## EXERCISE MATERIAL

+---+

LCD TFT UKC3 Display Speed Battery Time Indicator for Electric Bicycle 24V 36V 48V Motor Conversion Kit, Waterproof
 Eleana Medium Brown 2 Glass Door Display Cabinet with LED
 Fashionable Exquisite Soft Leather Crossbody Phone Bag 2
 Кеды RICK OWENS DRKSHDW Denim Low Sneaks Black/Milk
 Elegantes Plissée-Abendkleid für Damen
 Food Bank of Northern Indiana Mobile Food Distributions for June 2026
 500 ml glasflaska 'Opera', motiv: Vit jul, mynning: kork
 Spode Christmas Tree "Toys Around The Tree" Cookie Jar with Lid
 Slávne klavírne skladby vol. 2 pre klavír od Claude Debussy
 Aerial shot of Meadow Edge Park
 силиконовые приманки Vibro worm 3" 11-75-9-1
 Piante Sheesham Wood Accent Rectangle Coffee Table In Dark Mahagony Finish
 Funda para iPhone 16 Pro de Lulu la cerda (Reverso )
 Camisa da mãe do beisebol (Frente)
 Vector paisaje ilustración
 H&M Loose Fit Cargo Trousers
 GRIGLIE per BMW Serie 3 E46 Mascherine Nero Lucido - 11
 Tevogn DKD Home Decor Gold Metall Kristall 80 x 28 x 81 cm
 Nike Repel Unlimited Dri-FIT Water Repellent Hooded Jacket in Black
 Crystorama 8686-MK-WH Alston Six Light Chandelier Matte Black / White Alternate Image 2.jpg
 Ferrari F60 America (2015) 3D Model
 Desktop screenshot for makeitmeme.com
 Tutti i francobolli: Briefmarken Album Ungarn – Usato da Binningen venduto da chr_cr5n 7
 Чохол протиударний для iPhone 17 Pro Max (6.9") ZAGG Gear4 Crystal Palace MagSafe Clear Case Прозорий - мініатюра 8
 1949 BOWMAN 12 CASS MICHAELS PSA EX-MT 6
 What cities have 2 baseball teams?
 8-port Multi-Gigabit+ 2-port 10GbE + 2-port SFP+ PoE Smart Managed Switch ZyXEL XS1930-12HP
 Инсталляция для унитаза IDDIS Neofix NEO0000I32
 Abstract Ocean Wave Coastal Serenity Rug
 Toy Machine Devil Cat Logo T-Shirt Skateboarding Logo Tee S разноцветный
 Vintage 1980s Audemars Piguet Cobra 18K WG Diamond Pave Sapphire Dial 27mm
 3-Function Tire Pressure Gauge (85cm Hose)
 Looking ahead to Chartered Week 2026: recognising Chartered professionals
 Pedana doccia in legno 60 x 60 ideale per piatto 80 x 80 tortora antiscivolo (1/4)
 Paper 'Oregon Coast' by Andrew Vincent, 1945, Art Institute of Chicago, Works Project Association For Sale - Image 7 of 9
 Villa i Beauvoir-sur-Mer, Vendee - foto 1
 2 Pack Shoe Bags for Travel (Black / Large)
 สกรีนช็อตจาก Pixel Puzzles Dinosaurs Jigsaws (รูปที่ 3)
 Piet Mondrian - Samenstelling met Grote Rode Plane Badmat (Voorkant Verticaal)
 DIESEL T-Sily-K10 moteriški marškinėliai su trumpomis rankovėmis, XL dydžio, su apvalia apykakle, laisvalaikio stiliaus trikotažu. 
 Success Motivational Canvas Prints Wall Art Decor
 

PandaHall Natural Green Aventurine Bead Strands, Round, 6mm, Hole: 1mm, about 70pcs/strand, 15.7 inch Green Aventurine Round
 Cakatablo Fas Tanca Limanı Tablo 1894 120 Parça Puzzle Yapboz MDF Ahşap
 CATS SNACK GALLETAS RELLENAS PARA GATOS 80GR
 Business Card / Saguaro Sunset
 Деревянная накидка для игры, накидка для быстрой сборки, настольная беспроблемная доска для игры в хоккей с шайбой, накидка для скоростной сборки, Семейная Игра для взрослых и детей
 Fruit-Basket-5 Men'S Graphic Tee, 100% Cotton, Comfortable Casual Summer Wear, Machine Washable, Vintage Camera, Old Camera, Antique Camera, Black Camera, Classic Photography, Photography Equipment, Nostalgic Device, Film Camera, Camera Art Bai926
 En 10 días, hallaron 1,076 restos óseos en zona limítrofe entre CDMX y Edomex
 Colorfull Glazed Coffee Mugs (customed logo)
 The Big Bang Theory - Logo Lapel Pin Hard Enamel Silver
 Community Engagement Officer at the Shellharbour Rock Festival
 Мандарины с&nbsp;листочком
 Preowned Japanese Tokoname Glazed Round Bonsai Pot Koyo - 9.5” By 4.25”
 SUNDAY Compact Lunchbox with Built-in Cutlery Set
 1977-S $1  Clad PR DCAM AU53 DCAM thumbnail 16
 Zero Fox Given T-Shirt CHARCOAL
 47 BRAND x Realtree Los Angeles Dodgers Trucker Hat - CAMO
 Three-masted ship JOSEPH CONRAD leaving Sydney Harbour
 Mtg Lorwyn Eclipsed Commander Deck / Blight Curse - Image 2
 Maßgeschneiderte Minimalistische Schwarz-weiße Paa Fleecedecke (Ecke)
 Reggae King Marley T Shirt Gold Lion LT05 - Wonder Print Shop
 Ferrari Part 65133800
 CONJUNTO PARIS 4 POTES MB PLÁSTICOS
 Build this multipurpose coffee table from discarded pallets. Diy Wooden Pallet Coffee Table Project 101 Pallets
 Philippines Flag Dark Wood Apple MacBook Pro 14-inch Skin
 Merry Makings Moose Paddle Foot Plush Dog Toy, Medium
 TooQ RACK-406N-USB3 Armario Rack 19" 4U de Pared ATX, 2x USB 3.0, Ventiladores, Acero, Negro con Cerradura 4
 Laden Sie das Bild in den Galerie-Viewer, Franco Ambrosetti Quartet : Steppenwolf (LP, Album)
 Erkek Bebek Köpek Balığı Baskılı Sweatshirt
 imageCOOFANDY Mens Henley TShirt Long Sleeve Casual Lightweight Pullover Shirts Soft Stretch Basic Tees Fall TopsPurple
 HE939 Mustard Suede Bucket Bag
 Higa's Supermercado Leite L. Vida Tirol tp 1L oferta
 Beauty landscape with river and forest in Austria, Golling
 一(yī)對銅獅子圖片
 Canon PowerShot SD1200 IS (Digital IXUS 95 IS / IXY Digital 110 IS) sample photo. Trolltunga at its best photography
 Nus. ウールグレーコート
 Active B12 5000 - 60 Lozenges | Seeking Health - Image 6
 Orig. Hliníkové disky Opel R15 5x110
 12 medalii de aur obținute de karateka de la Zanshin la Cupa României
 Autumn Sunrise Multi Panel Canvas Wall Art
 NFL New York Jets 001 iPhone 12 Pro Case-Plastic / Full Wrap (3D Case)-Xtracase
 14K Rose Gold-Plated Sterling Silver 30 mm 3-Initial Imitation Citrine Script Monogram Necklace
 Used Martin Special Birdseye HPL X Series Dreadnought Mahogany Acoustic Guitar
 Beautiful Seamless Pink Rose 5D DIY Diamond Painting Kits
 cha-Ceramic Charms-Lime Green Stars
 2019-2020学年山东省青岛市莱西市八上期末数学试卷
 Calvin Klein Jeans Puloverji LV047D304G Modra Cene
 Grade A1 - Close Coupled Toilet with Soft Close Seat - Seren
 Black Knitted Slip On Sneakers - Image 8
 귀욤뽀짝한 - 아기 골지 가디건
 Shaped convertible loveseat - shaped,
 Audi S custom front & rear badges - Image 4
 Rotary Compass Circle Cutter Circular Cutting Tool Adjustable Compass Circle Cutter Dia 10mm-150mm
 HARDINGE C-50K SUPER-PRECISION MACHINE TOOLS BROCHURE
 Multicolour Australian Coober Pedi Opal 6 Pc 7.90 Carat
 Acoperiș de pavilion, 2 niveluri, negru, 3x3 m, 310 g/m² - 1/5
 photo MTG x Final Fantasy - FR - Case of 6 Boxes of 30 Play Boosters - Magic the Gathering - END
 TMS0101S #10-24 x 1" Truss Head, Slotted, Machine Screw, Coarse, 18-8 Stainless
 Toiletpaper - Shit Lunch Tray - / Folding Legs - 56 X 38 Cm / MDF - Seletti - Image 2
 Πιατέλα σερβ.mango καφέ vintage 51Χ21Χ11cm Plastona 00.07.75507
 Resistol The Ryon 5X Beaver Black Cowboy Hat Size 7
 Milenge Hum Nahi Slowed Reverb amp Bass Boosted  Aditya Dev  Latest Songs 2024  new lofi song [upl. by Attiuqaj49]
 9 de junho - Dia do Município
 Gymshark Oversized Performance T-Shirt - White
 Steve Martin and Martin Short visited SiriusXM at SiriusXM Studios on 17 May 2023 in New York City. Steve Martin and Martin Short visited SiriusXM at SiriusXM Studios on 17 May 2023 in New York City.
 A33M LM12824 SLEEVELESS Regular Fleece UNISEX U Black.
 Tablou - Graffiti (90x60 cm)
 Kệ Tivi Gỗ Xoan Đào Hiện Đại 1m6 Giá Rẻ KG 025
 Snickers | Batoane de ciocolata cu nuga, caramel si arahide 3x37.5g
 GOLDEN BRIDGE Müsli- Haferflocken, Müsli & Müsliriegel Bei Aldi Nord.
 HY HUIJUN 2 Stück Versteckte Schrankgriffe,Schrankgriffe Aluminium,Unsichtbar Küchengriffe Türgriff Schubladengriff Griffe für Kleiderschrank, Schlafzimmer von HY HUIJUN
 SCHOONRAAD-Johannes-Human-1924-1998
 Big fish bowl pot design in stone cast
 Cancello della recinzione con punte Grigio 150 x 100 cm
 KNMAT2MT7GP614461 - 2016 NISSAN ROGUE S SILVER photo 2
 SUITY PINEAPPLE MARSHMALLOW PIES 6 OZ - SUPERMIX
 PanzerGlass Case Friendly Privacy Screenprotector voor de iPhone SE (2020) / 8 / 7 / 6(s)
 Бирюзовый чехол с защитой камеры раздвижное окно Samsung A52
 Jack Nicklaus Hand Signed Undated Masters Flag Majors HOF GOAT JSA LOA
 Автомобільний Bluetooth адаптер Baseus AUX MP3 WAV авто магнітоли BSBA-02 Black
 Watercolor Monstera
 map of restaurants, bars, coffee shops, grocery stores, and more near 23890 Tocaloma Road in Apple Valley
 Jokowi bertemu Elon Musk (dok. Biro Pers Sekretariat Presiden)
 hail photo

+---+

## TASK DIRECTIONS
Give back, word for word, only the lines above from the line holding "8-port Multi-Gigabit+ 2-port" to the line holding "47 BRAND x Realtree", both included.

## PROBLEM SOLUTION
 8-port Multi-Gigabit+ 2-port 10GbE + 2-port SFP+ PoE Smart Managed Switch ZyXEL XS1930-12HP
 Инсталляция для унитаза IDDIS Neofix NEO0000I32
 Abstract Ocean Wave Coastal Serenity Rug
 Toy Machine Devil Cat Logo T-Shirt Skateboarding Logo Tee S разноцветный
 Vintage 1980s Audemars Piguet Cobra 18K WG Diamond Pave Sapphire Dial 27mm
 3-Function Tire Pressure Gauge (85cm Hose)
 Looking ahead to Chartered Week 2026: recognising Chartered professionals
 Pedana doccia in legno 60 x 60 ideale per piatto 80 x 80 tortora antiscivolo (1/4)
 Paper 'Oregon Coast' by Andrew Vincent, 1945, Art Institute of Chicago, Works Project Association For Sale - Image 7 of 9
 Villa i Beauvoir-sur-Mer, Vendee - foto 1
 2 Pack Shoe Bags for Travel (Black / Large)
 สกรีนช็อตจาก Pixel Puzzles Dinosaurs Jigsaws (รูปที่ 3)
 Piet Mondrian - Samenstelling met Grote Rode Plane Badmat (Voorkant Verticaal)
 DIESEL T-Sily-K10 moteriški marškinėliai su trumpomis rankovėmis, XL dydžio, su apvalia apykakle, laisvalaikio stiliaus trikotažu. 
 Success Motivational Canvas Prints Wall Art Decor
 

PandaHall Natural Green Aventurine Bead Strands, Round, 6mm, Hole: 1mm, about 70pcs/strand, 15.7 inch Green Aventurine Round
 Cakatablo Fas Tanca Limanı Tablo 1894 120 Parça Puzzle Yapboz MDF Ahşap
 CATS SNACK GALLETAS RELLENAS PARA GATOS 80GR
 Business Card / Saguaro Sunset
 Деревянная накидка для игры, накидка для быстрой сборки, настольная беспроблемная доска для игры в хоккей с шайбой, накидка для скоростной сборки, Семейная Игра для взрослых и детей
 Fruit-Basket-5 Men'S Graphic Tee, 100% Cotton, Comfortable Casual Summer Wear, Machine Washable, Vintage Camera, Old Camera, Antique Camera, Black Camera, Classic Photography, Photography Equipment, Nostalgic Device, Film Camera, Camera Art Bai926
 En 10 días, hallaron 1,076 restos óseos en zona limítrofe entre CDMX y Edomex
 Colorfull Glazed Coffee Mugs (customed logo)
 The Big Bang Theory - Logo Lapel Pin Hard Enamel Silver
 Community Engagement Officer at the Shellharbour Rock Festival
 Мандарины с&nbsp;листочком
 Preowned Japanese Tokoname Glazed Round Bonsai Pot Koyo - 9.5” By 4.25”
 SUNDAY Compact Lunchbox with Built-in Cutlery Set
 1977-S $1  Clad PR DCAM AU53 DCAM thumbnail 16
 Zero Fox Given T-Shirt CHARCOAL
 47 BRAND x Realtree Los Angeles Dodgers Trucker Hat - CAMO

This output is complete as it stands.